Sunday Morning: The Verve Recognize The Pain

With 'Bitter Sweet Symphony,' The Verve have delivered the song of the year.

Who would have thought that the best song to come from England so far this year would not be by Oasis, Prodigy, Blur, Chemical Brothers, Charlatans U.K. or even Radiohead.

It's the work of a band that almost didn't make it to 1997, The Verve.

The song, of course, is "Bitter Sweet Symphony" (RealAudio excerpt), a space-age meditation on human existence. "Cause it's a bitter sweet symphony, this life," sings The Verve's leader and songwriter, Richard Ashcroft, and what three words have you heard lately that get it any more right?

Ashcroft continues, summing up life with the brevity of haiku: "Trying to make ends meet/ You're a slave to money/ Then you die."

"Bitter Sweet Symphony," which hasn't yet been released in the U.S. (it appears on the group's new album, Urban Hymns, out Tuesday), was a #2 hit in England, and for good reason; it's the kind of song that, once you hear it, you have to hear again. You may well find yourself dropping everything and seeking out a record store that has an import copy if you're lucky enough to heard it on the radio or catch the video on MTV...

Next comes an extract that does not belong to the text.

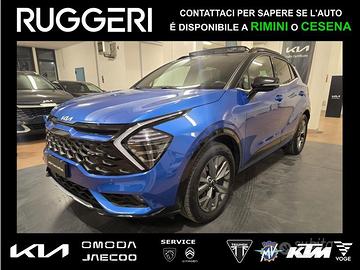 Kia Sportage 1.6 tgdi hev GT-line Plus (#290)...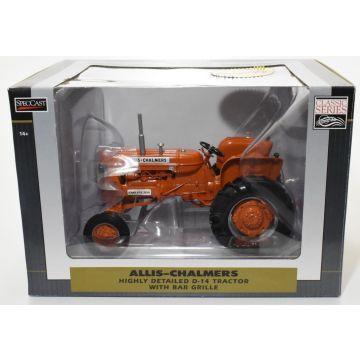 AC - D14 - WF Series II 2016 IA FFA - 1/16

The song is built on a fragment of melody -- a riff -- that is repeated over and over and over. The arrangement -- it opens with a sample of strings, then a violin states the riff, unearthly sound effects rise in the mix, the drums kick in and Ashcroft delivers that first line, "Cause it's a bitter sweet symphony..." --

Ashcroft's vocal and his intense lyrics make transcendent what could have come off boring and monotonous.

Instead, he keeps on coming with lyrics that are dead on the money. Does a day go by that you don't feel this?: "I need to hear some sounds that recognize the pain in me, yeah."

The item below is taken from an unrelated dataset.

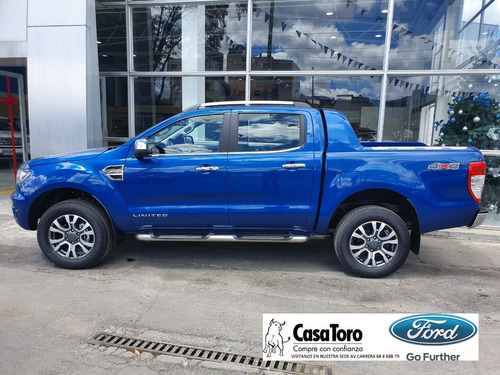 Ford Ranger 3.2 Limited Cst Av68 L.p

He goes on to ask to hear something that will free him, at least for the duration of a song, from the living hell of "this life." "I let the melody shine, let it cleanse my mind, I feel free now."

Only there's nothing on the radio; he can't find anything to stop the pain. "There's nobody singing to me now."

If "Bitter Sweet Symphony" was the only keeper on Urban Hymns, Ashcroft could still rest assured that he's added a classic to the rock songbook. It's not. Already, another track that appears on the album, "The Drugs Don't Work," has topped the English charts.

A melancholy ballad, "The Drugs Don't Work" is just as powerful as "Bitter Sweet Symphony." "All this talk of getting old, it's getting me down my love," Ashcroft begins. "Like a cat in a bag waiting to drown, this time I'm coming down."

And the low-keyed chorus: "No the drugs don't work/ They just make you worse/ But I know I'll see your face again."

In other words, love can still make things better.

In England, disk two of the two-CD "The Drugs Don't Work" single includes an awesome remix of "Bitter Sweet Symphony" by Mo Wax label head James Lavelle, that strips the song down to drums, and a clavinet-style keyboard for the first three minutes before introducing the strings. You need to hear this.

Urban Hymns is a bitter sweet album that arrives just in time for the leaves to fall and the coming winter. It will make the rest of year just a little easier to get through. "I need to hear some sounds that recognize the pain in me, yeah."

Richard Ashcroft and The Verve deliver those sounds, and world is a little easier place to live in because of them. [Sun., Sept. 28, 1997, 9 a.m. PDT]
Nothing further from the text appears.